La escena transcurre más o menos de la misma forma siempre: se reúnen las mujeres alrededor de una bebida (cualquiera sirve, ya sea la cerveza o el té) como en un consejo sagrado y en un rito de cantos expulsan a los demonios que las acechan: los hombres. El mantra a repetir mientras se alcanza la catarsis: “los hombres son unos cretinos” (“cerdos” e “idiotas” también sirve). El fuego de los ánimos se atiza entretanto con anécdotas que confirman su condición de moradores del otro lado de la trinchera.
Desde hace relativamente poco y sin querer me he encontrado conformando un punto de esta circunferencia humana, callada, escuchando mientras doy sorbos pausados a lo que sea que haya en el vaso de turno. La detalles del último desaire se han perdido en el humo de los meses que pasan mientras las mujeres barren las cenizas con escobas mojadas, dibujando surcos negros reteñidos con declaraciones de resentimiento que cada vez cobijan a más hombres hasta englobar a todo aquel que se identifique con los tornillos y no con las tuercas.

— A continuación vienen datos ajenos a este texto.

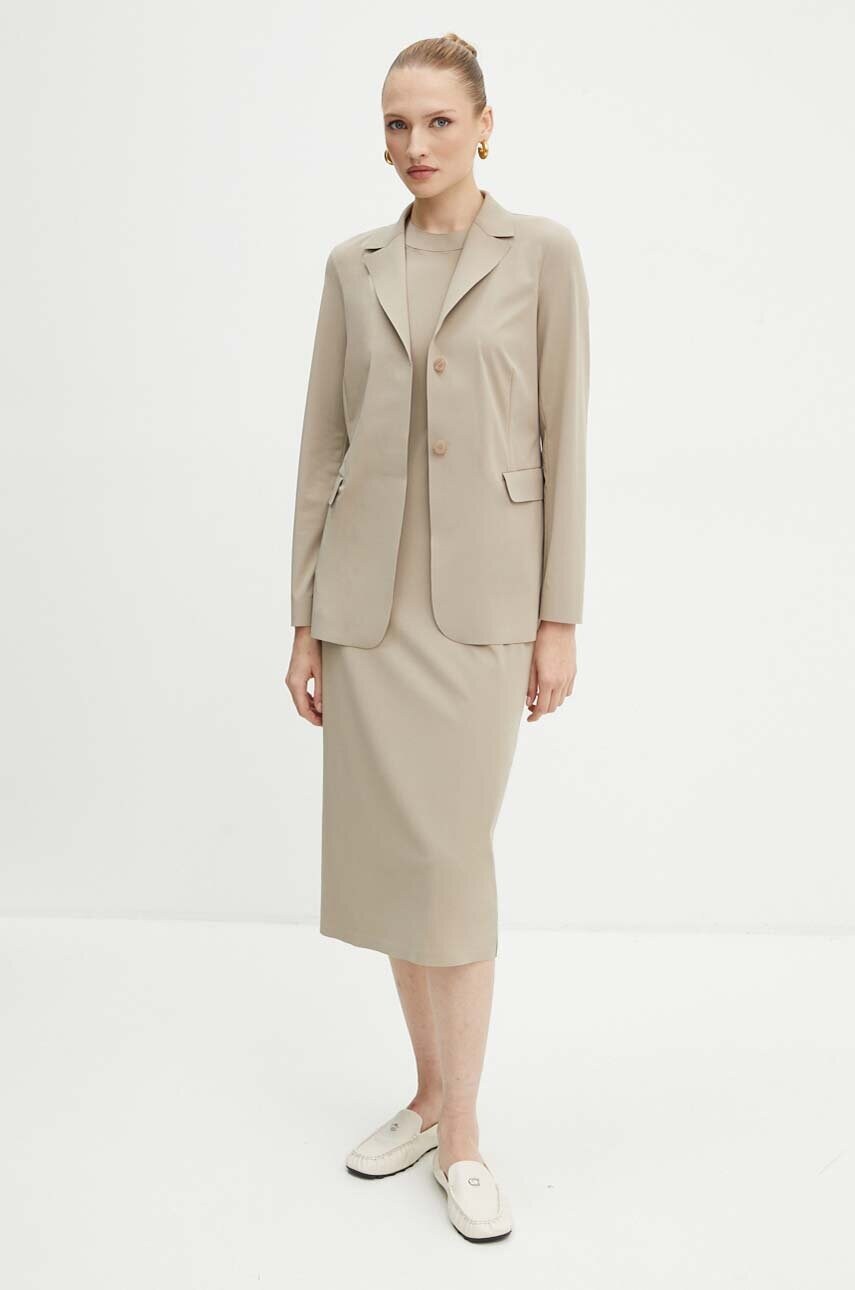 Піджак Max Mara Leisure колір бежевий однобортний однотонний 2426916017600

Formando una cuerda desde mis ojos hasta su rostro está sentada la mujer que siempre había sido acechada por los hombres hasta el día que pudo contar once meses sin recibir siquiera una mirada. Amenazada en su trono de abeja reina, decide señalar a las que por el momento tienen mejor suerte que ella y las intenta destruir con los únicos insultos que considera efectivos contra una mujer: aquellos que tienen que ver con su físico. Salen a relucir amoríos poco agraciados olvidados hace tiempo y opiniones que nadie pidió acerca de marcados rasgos masculinos en un rostro femenino. Como si fuera poco, la reina sale a pontificar, pocillo de chocolate en mano, sobre los cinco, diez o veinte criterios que toda mujer debería tener en cuenta al elegir a su acompañante masculino. Que lo debe aprobar la familia, que lo deben aprobar las amigas, que debe ser emprendedor y otra sarta de virtudes que ni ella debió evaluar la última vez que le pasó alguien por la hipófisis. Yo sólo me hago la que atiende—no sé siquiera si estoy asintiendo en señal de entender su valiosísimo consejo mientras hago sopitas con la tostada.

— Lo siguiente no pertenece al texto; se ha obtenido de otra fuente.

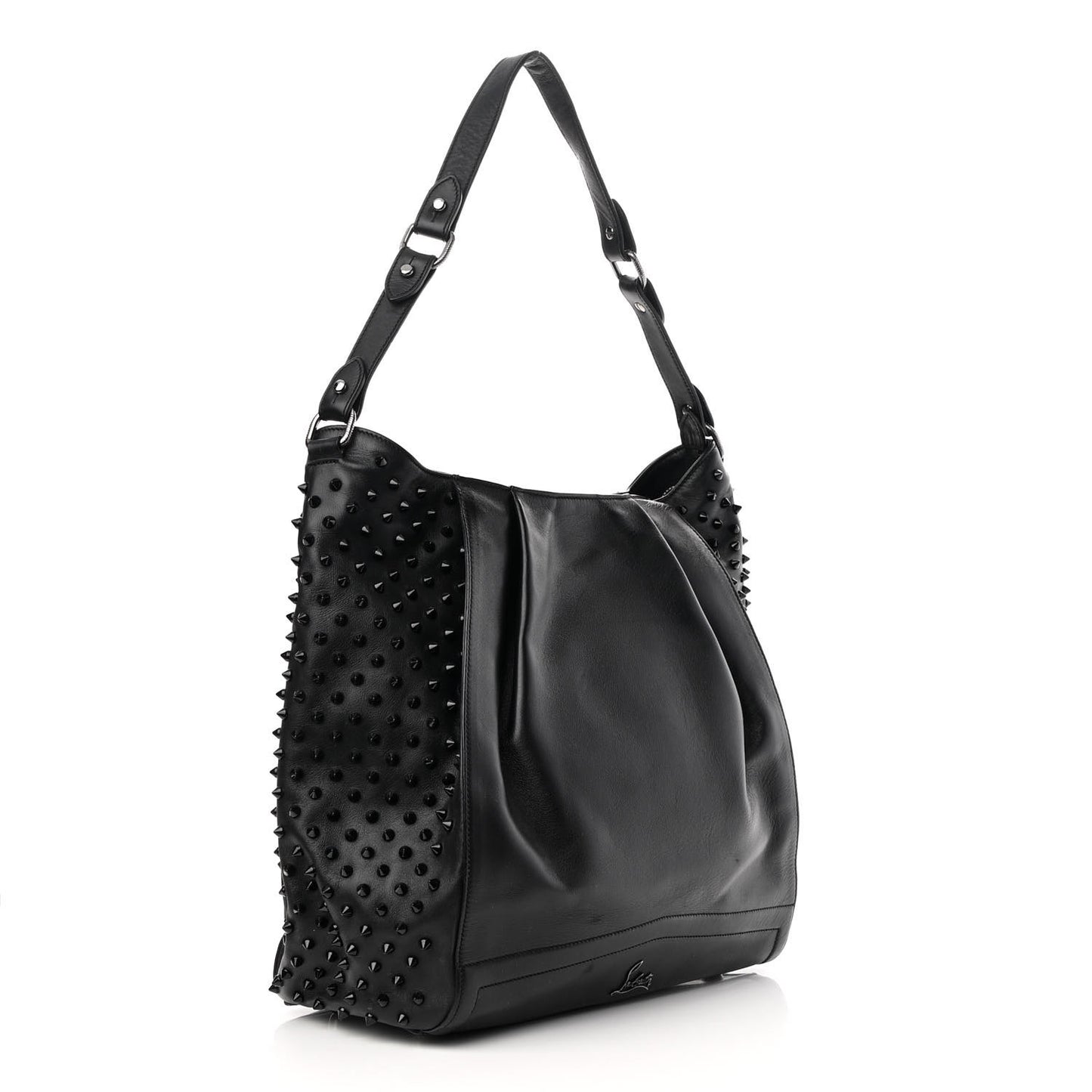 Calfskin Justine Spikes Hobo Black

De otro sector del anillo emerge la que hace de todos los hombres un mismo hombre, aquella que se solidariza con las tragedias de sus hermanas y de todas concluye que la culpa es del miserable que se largó. No cabe en su mente la posibilidad de una historia un poco más complicada que la de un tipo lleno de maldad que seduce, toma, usa y desecha a su indefensa pareja, tan dechada de virtudes compatibles con cualquier galán. Ella le entregó su amor incondicional y el imbécil ¡así le paga! Así son todos y por eso los odiamos. Puede que jamás se esclarezcan las verdaderas causas de un rompimiento, pero el dedo acusador siempre señalará al hombre que pierde su rostro individual para convertirse en una acumulación de decepciones propias y ajenas. A veces la coraza de esta mujer se resquebraja un poco para revelar un mundo de inseguridades en el que los defectos que ella dice achacarle al Hombre Universal en realidad son palabras que disfrazan otros defectos, propios y absolutamente insoportables. Lo peor de todo es que ni siquiera se trata de verdaderas carencias sino de mensajes que ella les ha creído a pies juntillas a la televisión y las revistas.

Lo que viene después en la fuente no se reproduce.